Гражданин Дешартр, а в особенности юный гражданин Дюпен, старались — и не безуспешно — привлечь на свою сторону членов секции Бонконсей в деле арестантки Дюпен. Она сама, крупная специалистка по прошениям, обратилась к Комитету общественной безопасности с прекрасно написанным заявлением:
Граждане республиканцы, будьте милосердны к матери, страдающей в разлуке с сыном, с ребенком, которого она вскормила, с которым никогда не расставалась и которого она воспитала для отечества… Во время позорного бегства тирана гражданин, живший в одном доме со мной, спросил меня, не боюсь ли я за мои ценные вещи, и предложил — если я доверяю ему — спрятать мою серебряную посуду в надежном месте. Я согласилась. Я считала, что в такое тяжелое время нельзя пользоваться предосудительной роскошью… Мой образ жизни, неизменный при всех обстоятельствах, начиная с первого дня Революции, мое искреннее желание общего блага ставят меня вне всяких подозрений. У меня нет ни одного родственника, любой степени родства, который бы эмигрировал. При моих средствах я могла три года назад уехать в любую страну, но моей независимой натуре внушала отвращение самая мысль дышать воздухом, отравленным рабством…
Наконец пришел термидор. Гражданка Дюпен была освобождена и даже получила свидетельство о проявленной ею гражданской доблести по рекомендации ее старого лакея Антуана — одного из тех, кто участвовал во взятии Бастилии. В октябре 1794 года она, наконец, смогла устроиться вместе со своим сыном в Ноане. От ее громадного состояния, уничтоженного инфляцией и принудительными займами, ей осталась рента в 15 тысяч ливров. В продолжение четырех лет с помощью Дешартра она продолжала пополнять образование Мориса. Какую карьеру ему избрать? Он мечтал о военной: она его отговаривала. После террора госпожа Дюпен была настроена враждебно, если не против принципов революции, то против ее эксцессов. Она не отреклась ни от Вольтера, ни от Руссо, но она предпочла бы видеть Мориса на службе ограниченной монархии, монархии, уважающей завоеванные народом права. В Париже царствовал Баррас; там, как и прежде, честные люди ходили пешком, а негодяев носили в носилках. «Негодяи были другие, вот и все!»

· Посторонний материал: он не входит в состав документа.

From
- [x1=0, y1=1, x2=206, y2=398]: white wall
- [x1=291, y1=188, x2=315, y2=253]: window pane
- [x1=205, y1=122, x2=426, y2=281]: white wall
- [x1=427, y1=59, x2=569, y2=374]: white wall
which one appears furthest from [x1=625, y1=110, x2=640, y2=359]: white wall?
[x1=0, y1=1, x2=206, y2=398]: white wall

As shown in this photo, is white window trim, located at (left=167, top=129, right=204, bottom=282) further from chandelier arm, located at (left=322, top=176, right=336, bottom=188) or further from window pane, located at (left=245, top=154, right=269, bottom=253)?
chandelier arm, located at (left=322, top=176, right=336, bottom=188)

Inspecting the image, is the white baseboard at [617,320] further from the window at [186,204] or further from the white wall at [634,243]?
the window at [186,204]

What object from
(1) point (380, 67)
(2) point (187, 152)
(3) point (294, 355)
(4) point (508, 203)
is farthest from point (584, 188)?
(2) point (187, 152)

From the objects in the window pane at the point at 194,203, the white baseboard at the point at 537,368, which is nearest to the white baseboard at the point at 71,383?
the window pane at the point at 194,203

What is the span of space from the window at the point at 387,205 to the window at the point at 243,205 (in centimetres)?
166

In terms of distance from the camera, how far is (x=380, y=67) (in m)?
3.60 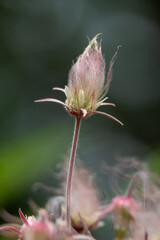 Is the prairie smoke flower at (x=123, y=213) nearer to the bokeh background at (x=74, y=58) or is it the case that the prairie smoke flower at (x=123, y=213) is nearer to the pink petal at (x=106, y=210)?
the pink petal at (x=106, y=210)

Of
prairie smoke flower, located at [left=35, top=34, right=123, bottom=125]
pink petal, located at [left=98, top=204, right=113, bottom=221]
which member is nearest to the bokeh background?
pink petal, located at [left=98, top=204, right=113, bottom=221]

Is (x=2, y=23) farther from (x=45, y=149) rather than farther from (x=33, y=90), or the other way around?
(x=45, y=149)

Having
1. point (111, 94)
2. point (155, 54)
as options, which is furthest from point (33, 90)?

Последнее изречение принадлежало Морису, который скептически (что было естественно в эпоху, следующую за переворотом), наблюдал, как некоторые революционеры — для сохранения своего положения — готовы сговариваться со «щеголями», как звали тогда роялистов. Сам же Морис утешал себя мыслью, что он не принадлежит к людям, извлекающим выгоду из нового режима. На некоторое время он занялся скрипкой и участвовал в любительском оркестре в Лa Шатре. А в 1798 году, близко сойдясь с кружком молодых людей обоего пола — из семей Дюверне, Латуш, Папе, Флёри, — стал играть в комедиях, обнаружив «врожденный и неотразимый талант». Но бездействие тяготило его. Тщетно мать говорила ему, что, став солдатом республики, он будет служить дурному делу; он считал, что всякое дело хорошо, если защищаешь свою родину; он знал, что его мать — настоящая патриотка и в глубине души гордится победами французов в Джемаппе и Вальми не меньше, чем и при Фонтенуа, Року и Лауфельде. «Как? Пойти простым солдатом?» — говорила она. Когда Морис был представлен Ла Туру д’Овернь, самому храброму солдату Франции, тот спросил его: «Неужели внук Мориса Саксонского боится идти в поход?» — «Конечно, нет!» И Морис поступил на военную службу.